*ABOUT THIS TASK*.
Lift out, unaltered, the lines of the material below between the line holding "Elastic Waist Button" and the line holding "Motorhalterung für Bellyboote", counting both.

*DATA SUPPLIED*.
§ §

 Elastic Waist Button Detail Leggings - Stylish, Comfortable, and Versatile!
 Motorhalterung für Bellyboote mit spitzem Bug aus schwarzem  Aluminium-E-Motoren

§ §

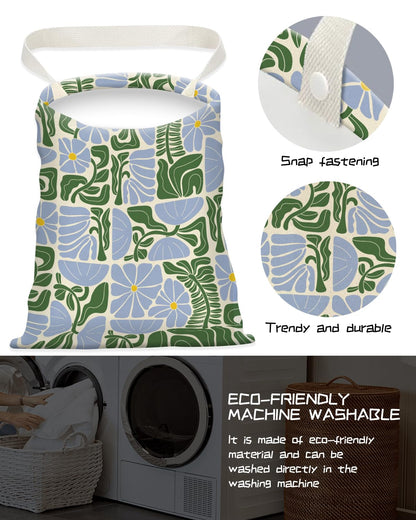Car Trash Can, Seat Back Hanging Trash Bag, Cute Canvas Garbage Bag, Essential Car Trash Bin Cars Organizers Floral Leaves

§ §

*SOLUTION TO THIS PROBLEM*.
 Elastic Waist Button Detail Leggings - Stylish, Comfortable, and Versatile!
 Motorhalterung für Bellyboote mit spitzem Bug aus schwarzem  Aluminium-E-Motoren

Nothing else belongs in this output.